C. Robert Gibson profiles "Eight Democrats and Republicans Who Shouldn't Be Running for President." Gut reaction: only eight? Dominant theme: a lot of these fools are experts in corporate welfare handouts and nothing else, and not just Scott Walker, Chris Christie, and Bobby Jindal either, but also the putatively compassionate John Kasich and the putative Democrat Martin O'Malley, the latter at this moment trying to figure out how he can be the "sensible" liberal alternative to Hillary Clinton. "Not giving away taxpayer money to corporations" might have made him that alternative.
At freaking last, the SEC finally (after two years!) passes a rule requiring corporate disclosure of CEO-to-median-worker pay. And the arguments opposing the rule are painfully desperate -- that it might accidentally spur corporate boards to pay their CEOs more (though pretty much anything does that!), that it would make workers obsessed with how their salaries relate to everyone else's (which might, ah, expose more wage discrimination), that it would cost corporations money to do all that tabulation (because monks with quill pens do that, not computers!), and that corporations would be "shamed" (we can only hope!).
The Consumerist covers the International Trade Commission's 2012 ruling that a largely unknown plastic retainer-manufacturing outfit violated Invisalign's patent on the device -- not by importing not actual plastic retainers, but by importing the computer files used to make them on a 3D printer. You can see why this could be a good thing (we should prevent crooks from using the but we didn't import the actual thing ha ha snort! excuse to avoid just prosecution) and you can also see why this could be a bad thing (as one advocacy group director points out, the ruling could lead to "all telecommunications, including phone calls, audio streams and television broadcasts" becoming "articles of importation").
In an unorthodox and brilliant move, Sen. Bernie Sanders, the Vermont independent seeking the Democratic Presidential nomination, will accept Liberty University's invitation to speak there. Liberty University is the late Rev. Jerry Falwell's creation, you may recall, and here we will begin to test a theory I've long held is true -- that the marriage between evangelicals and right-wing corporatists is one of convenience rather than conviction. I wish Mr. Sanders luck -- but he won't need as much of it as the "liberal" media would have you think.

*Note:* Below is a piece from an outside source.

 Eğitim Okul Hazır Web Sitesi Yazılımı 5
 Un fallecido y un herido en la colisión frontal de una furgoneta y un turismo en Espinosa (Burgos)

Finally, Great and Awesome and Holy Real American Super-President Mitch McConnell accuses President Obama of "demoniz(ing) (his) opponents" by saying hard-line Republicans and hard-line Iranians have the same aim, i.e., to scuttle the Iran nuke deal. Don't like being told you're "with the terrorists"? Well, welcome to my world! He also said we don't need to update the Voting Rights Act because of "how different the South is now." The South is more subtle about its racism now, nothing more -- and the Voting Rights Advancement Act wouldn't target the South per se, but areas demonstrating a pattern of voting rights violations, and if those areas all happen to be in the South, tough toodles.